Jun 01, 2022

Lessons from the crash in high-risk investments

After some tough weeks, the stock market rebounded last week in a powerful rally that saw U.S. stocks post their best week since November 2020.

While we have no way of knowing whether this is the start of a sustained recovery or just a pause in a longer correction, there are some valuable lessons we can draw from recent market action.

First, we see once again just how quickly things can turn around. After a seven-week losing streak that brought the S&P 500 briefly into bear market territory when it fell below 20%, the U.S. index rallied 6%[i] last week.

Again, we don’t know what the future holds, but this was another example of how fast new information and/or changing investor perceptions can cause a reversal in the market.

Second, this year’s correction has confirmed that building wealth is not about hitting home runs. It’s about avoiding big mistakes.

The pain of losses in both the stock and bond markets this year has been real for long-term investors, but it pales in comparison to what’s happened in the most speculative corners of the financial markets.  

Formerly hot markets for assets such as crypto-currencies, special purpose acquisition companies (SPACs) and tech stocks have all seen devastating crashes this year.

Many investors piled into these kinds of investments during the pandemic, encouraged by rock-bottom interest rates, media hype and apps that allow commission-free trading with the push of a cellphone button.

This year has been particularly disastrous for crypto investors. Bitcoin has lost more than half its value from its peak in November – a crash that featured a market panic when a number of so-called “stablecoins” broke their peg to the U.S. dollar. And it hasn’t been just Bitcoin – the value of all cryptocurrencies stood at $1.3 trillion last week, down from $3 trillion in November, according to Reuters.

Among the hopes for Bitcoin that have been dashed by this downturn is the idea that it’s a good hedge against inflation.

SPACs are another formerly high-flying market that’s come crashing back to earth. A SPAC is what’s known as a blank-cheque company. Investors buy shares in an IPO and then the sponsors of the SPAC go out and find a company to buy with the cash they’ve raised.

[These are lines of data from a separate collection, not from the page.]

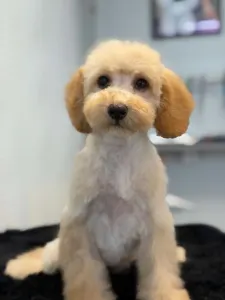 Poodle Miniature - Chiara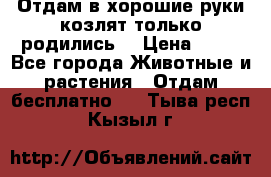 Отдам в хорошие руки козлят.только родились. › Цена ­ 20 - Все города Животные и растения » Отдам бесплатно   . Тыва респ.,Кызыл г.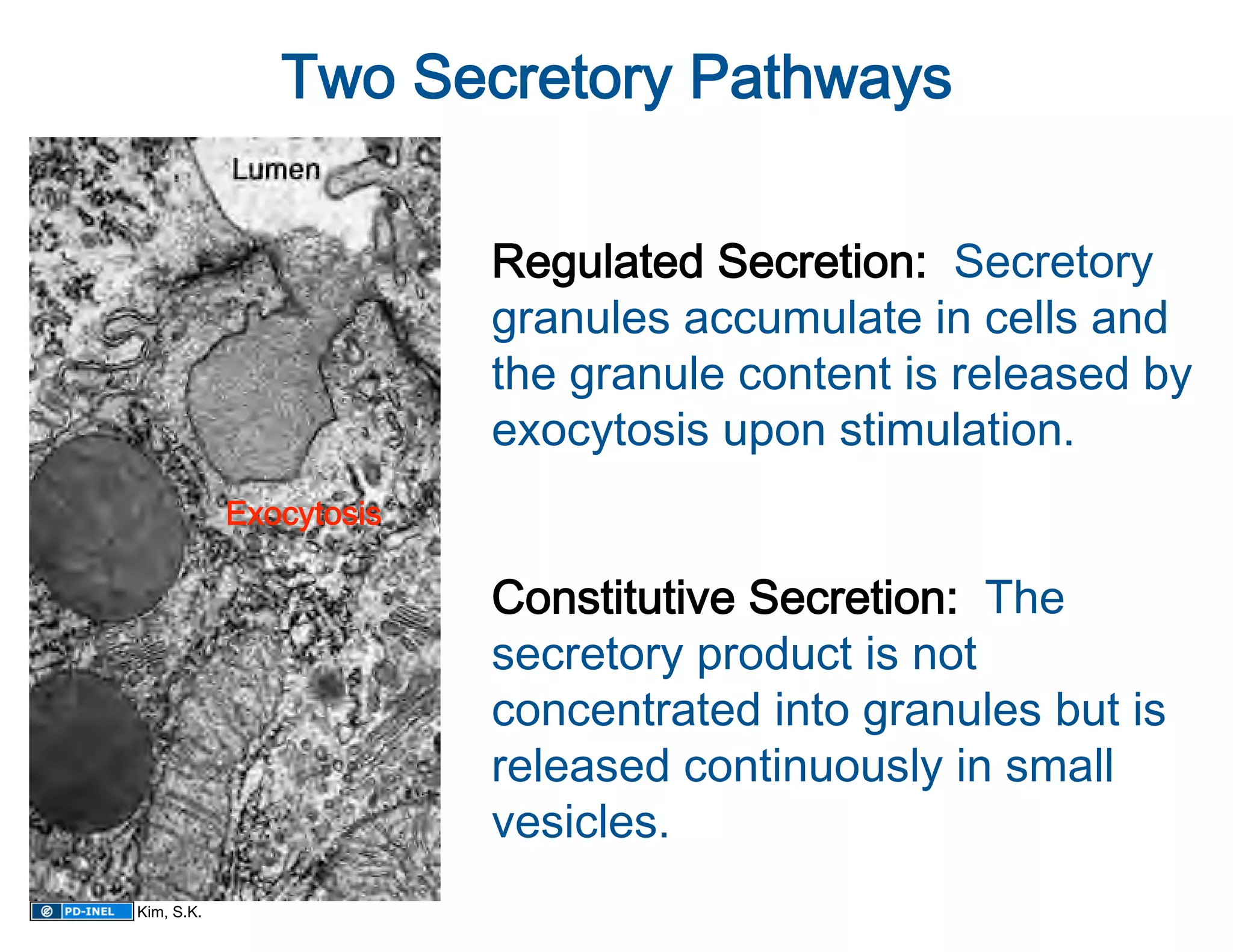 Two Secretory Pathways
                                     

                         Regulated Secretion:  Secretory 
                         granules accumulate in cells and 
                         the granule content is released by 
                         exocytosis upon stimulation. 
            Exocytosis
                          
                         Constitutive Secretion:  The 
                         secretory product is not 
                         concentrated into granules but is 
                         released continuously in small 
                         vesicles. 
Kim, S.K.
 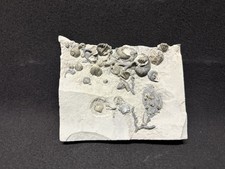Fossil killer pyrite d'occasion  Expédié en Belgium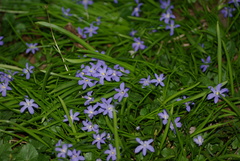 Scilla luciliae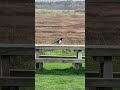 Magpie On Bench | RSPB St Aidan’s #birds #avian #nature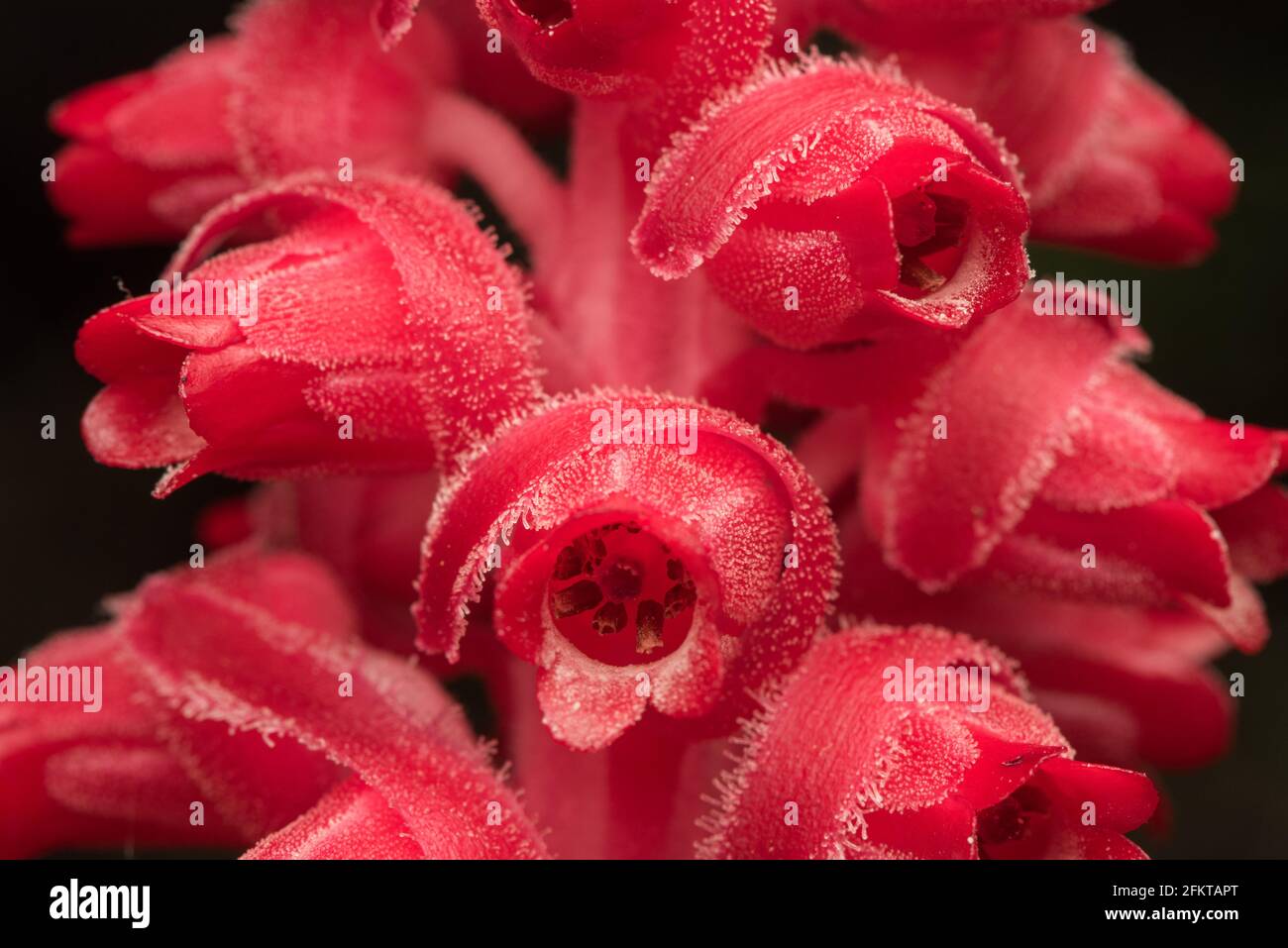 A close up macro of the parasitic snow plants (Sarcodes sanguinea) flowers growing in a raceme formation. Stock Photo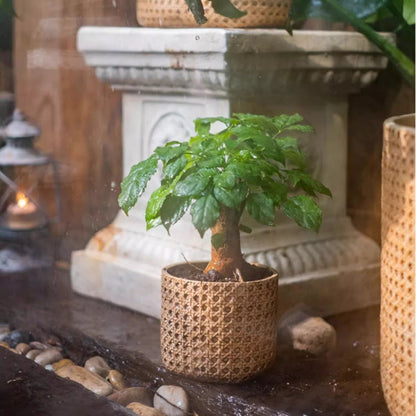 Rattan Texture Cement Planter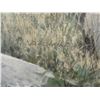 Image 2 : Doug Laird's "Approaching the Falls – Wolf Pack" Original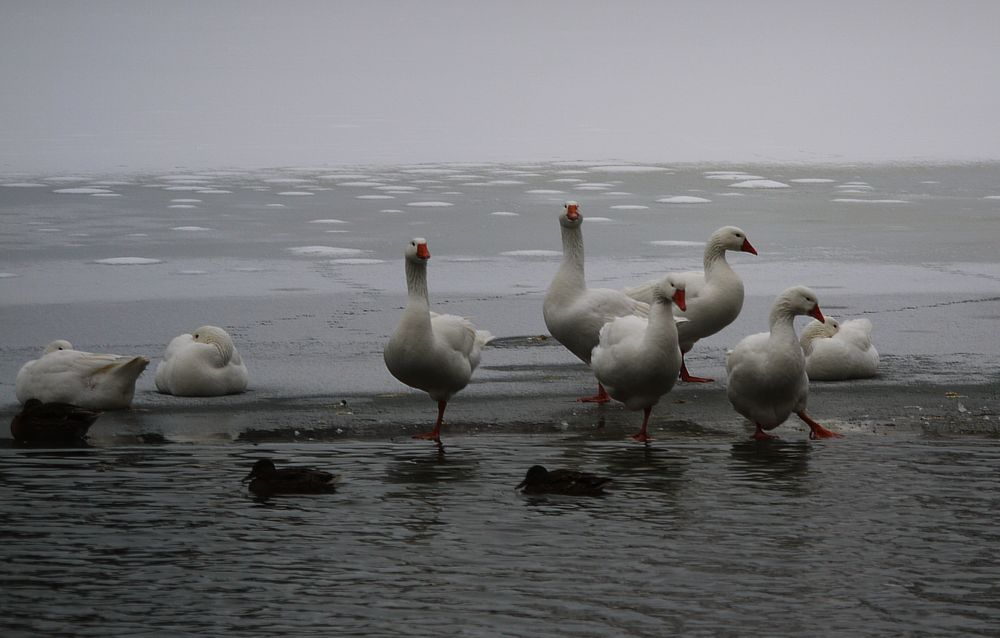 Gänse im Schwetzinger Schloßpark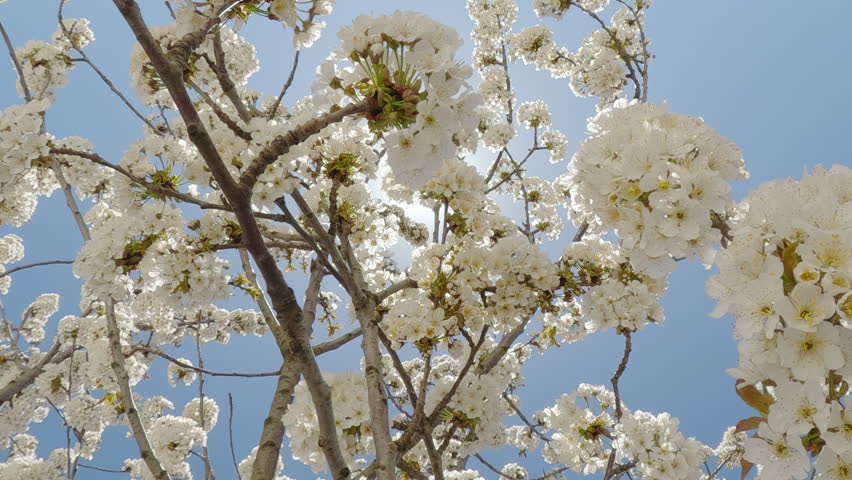 Blooming a Wild Cherry tree full of white flowers against a blue sky and bright sun background, the flowers are backlit by the sunlight, camera moving down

The market for new SPACs has dried up, and high fees and heavy share dilution have taken a heavy toll on the companies that had already emerged from SPACs.

According to this article, “the more than 300 companies that have gone public via SPAC mergers since the start of 2018 have averaged a loss of about 33% from the IPO price, versus an average loss of 2% for the 1,000 other companies that chose to go public through a traditional IPO as of mid-April, according to Renaissance Capital, which tracks IPOs.” Those disastrous results compare to a more than 50% gain for the S&P 500 during the same period.

The picture has also been grim in the world of tech. The same combination of worries that have hit the wider market – high inflation, rising interest rates and geopolitical uncertainty – has been much harder on the market fortunes of all things tech from the largest companies to start-ups to venture capital funds. The tech decline has been encapsulated by the 22%[ii] drop in the tech-heavy NASDAQ index.

The last few months have not been easy, but they’ve been a whole lot better for those investors who have stuck with patience and discipline to a broadly diversified portfolio as part of a long-term financial plan.

The markets have once again passed judgment on high-risk, speculative investments made at a time of high investor exuberance. The verdict? It’s no way to build your wealth.